O’Malley’s list of clients include internationally known country-western singer Edwards, who has two songs in the Folklore Archives of the Library of Congress, Mitchell, the cowboy poet, and guitarist Norman Blake, who won a Grammy for his music in the Coen brothers’ 2000 film “O Brother, Where Art Thou?”

O’Malley calls Blake his hero. “You know,” O’Malley says. “He’s proud to be a hillbilly.”

Maybe that’s all O’Malley ever wanted to do here: Show that you should be proud to be a hillbilly. Or just proud of who you are.

O’Malley is proud of who he is and what he’s built. He’s from a little town in Indiana called Cambridge City. He grew up collecting baseball cards and watching cowboys like Roy Rogers and Hopalong Cassidy on a black-and-white TV. There weren’t many real cowboys there, but O’Malley dreamed of being one.

“I’ve got that disease and I always have,” O’Malley says in the PBS doc. “It’s kind of ‘the older is better’ attitude.”

These days, he always wears a cowboy hat and blue jeans. His collection grew way beyond baseball cards. He’s often at his desk, covered with papers, ready to answer the phone if it rings.

But he’s always up for showing off his collection of signs, like a big one outside that says, “The People of Indiana Welcome You.”

“You can hang most anything on a tin wall and it looks good, you know,” O’Malley is known to say about his signs.

The stories about his collectables come while O’Malley walks around the warehouse or while he steps outside with a cigarette.

When a good story comes to mind, he’s never in a rush to tell it. Just like he’s never in a rush to leave his office.

He says he has trouble explaining what he does to his wife as much as a total stranger. He just knows it revolves around the music.

With the acquisition in place, Smithsonian Folkways will take over the day-to-day operations of the record label O’Malley built.

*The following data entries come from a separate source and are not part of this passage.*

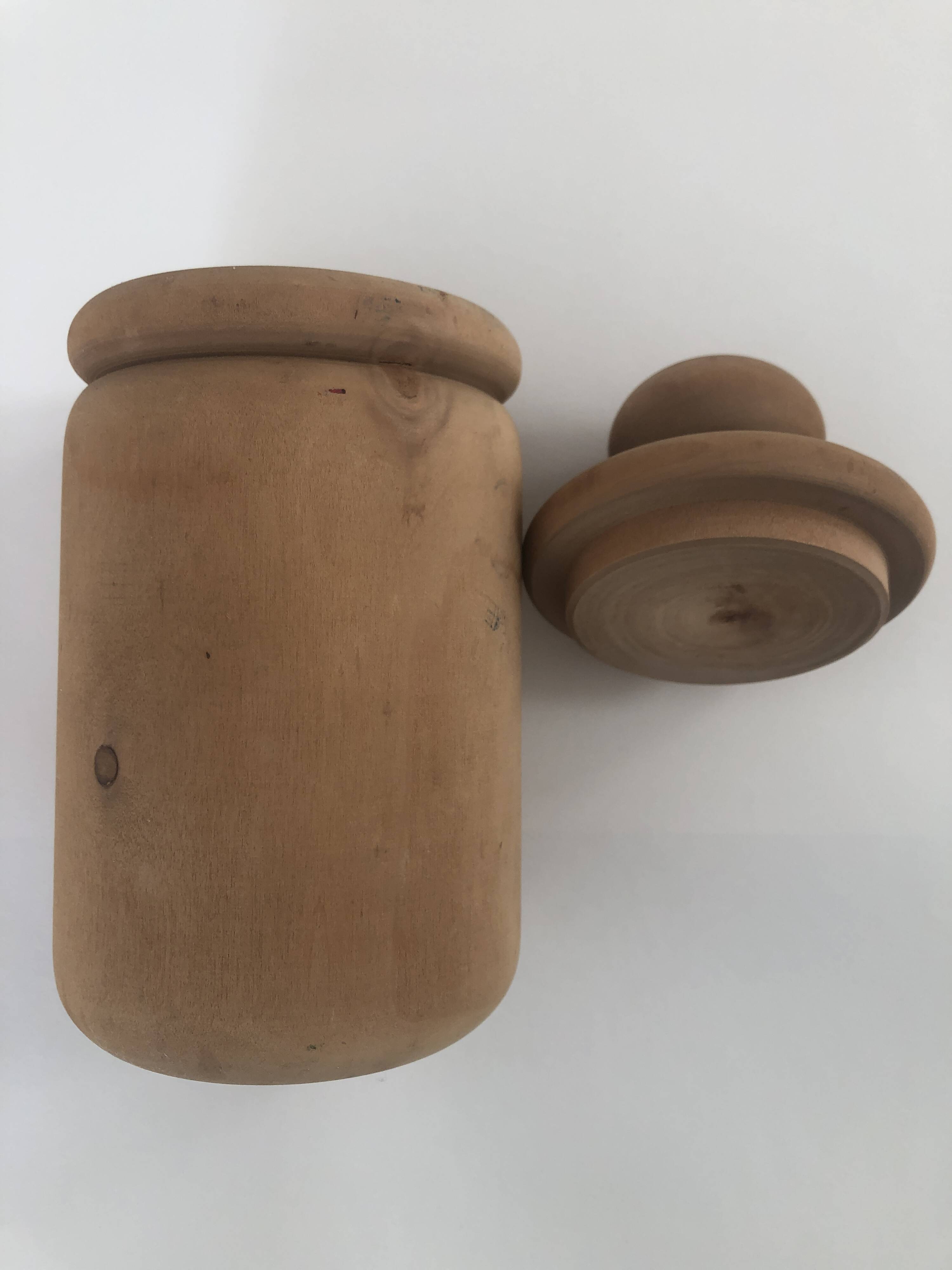 large pot with turned wooden lid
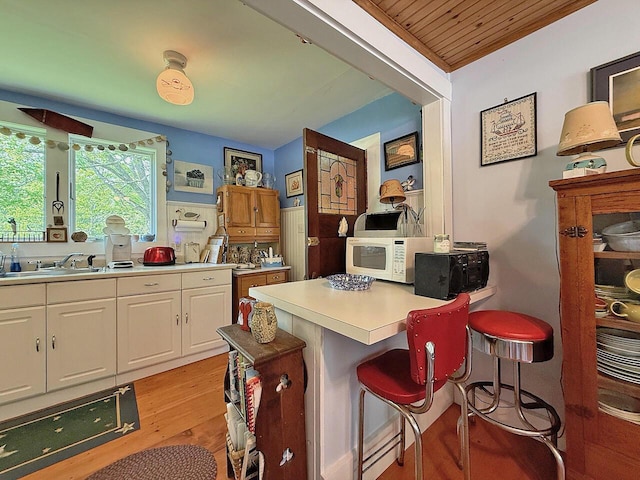 99 Huddle Rd, Bristol, ME 04554 - kitchen with white microwave, white cabinets, light wood-style flooring, black microwave, and a breakfast bar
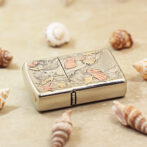 Silver lighter with an engraved mermaid and coral/starfish motif, set on a sandy surface among seashells.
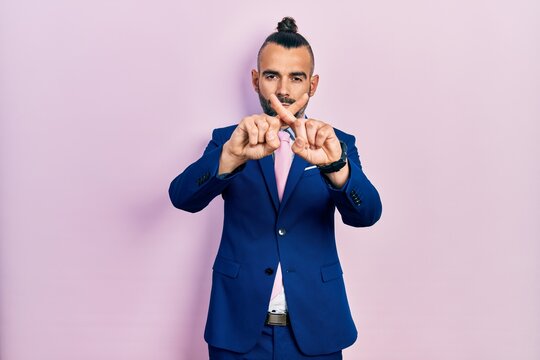 Young hispanic man wearing business suit and tie rejection expression crossing fingers doing negative sign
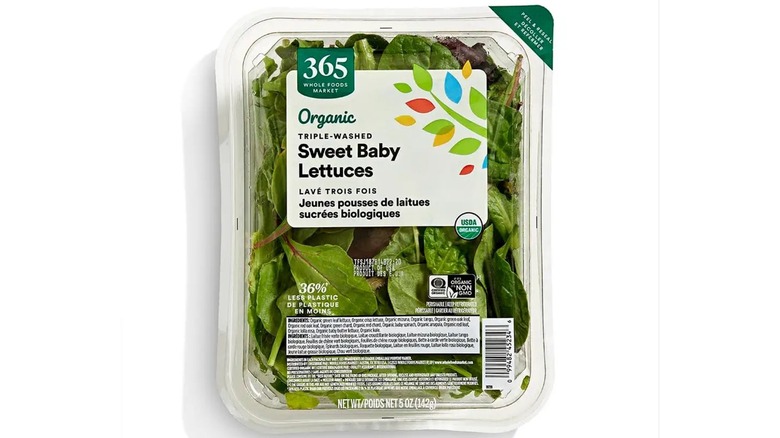 365 Whole Foods Market Sweet Baby Lettuces packaged in a plastic container.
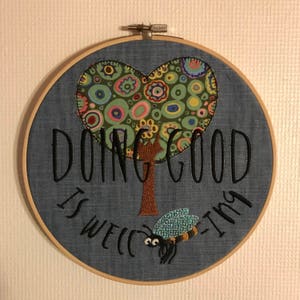 Puede incluir: Arte de bordado en aro con fondo azul, un árbol en forma de corazón con círculos coloridos, un tronco marrón y el texto "Hacer el bien vale la pena intentarlo". Una abeja azul y amarilla con ojos blancos vuela debajo del árbol.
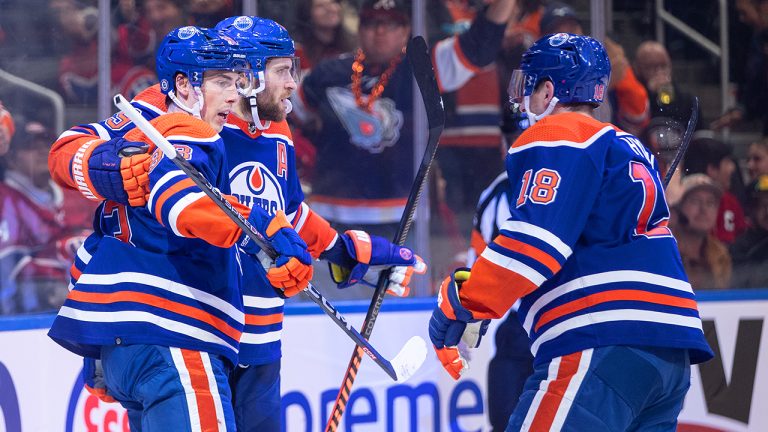 Edmonton Oilers' Ryan Nugent-Hopkins (93), Leon Draisaitl (29) and Zach Hyman (18) celebrate a goal against the Montreal Canadiens during second period NHL action in Edmonton on Saturday, December 3, 2022. (Jason Franson/CP)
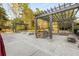 Community grill area with stone counters, built-in gas grill and seating, ideal for gatherings at 799 Hammond Dr # 305, Atlanta, GA 30328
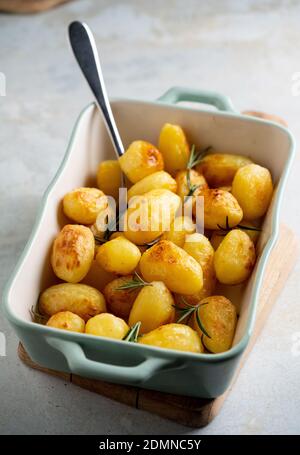 Roasted Young Potatoes with Rosemary ready to eat. Stock Photo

The recordings, formerly on CDs, will be digitized. Smith, of Smithsonian Folkways, pledges to keep the collection “available in perpetuity through as many ways as possible.”

Translation: They’ll be kept safe, no matter what happens to the old warehouse or its owners.

“When we are all gone, that music will still be available,” Tyler O’Malley said.

“(My dad) did this to save the music. That’s always been what’s important to him.”

The deal also means Scott O’Malley can retire if he wants to.

Does he, though? He doesn’t answer that question.

That idea sounds too crazy to him right now.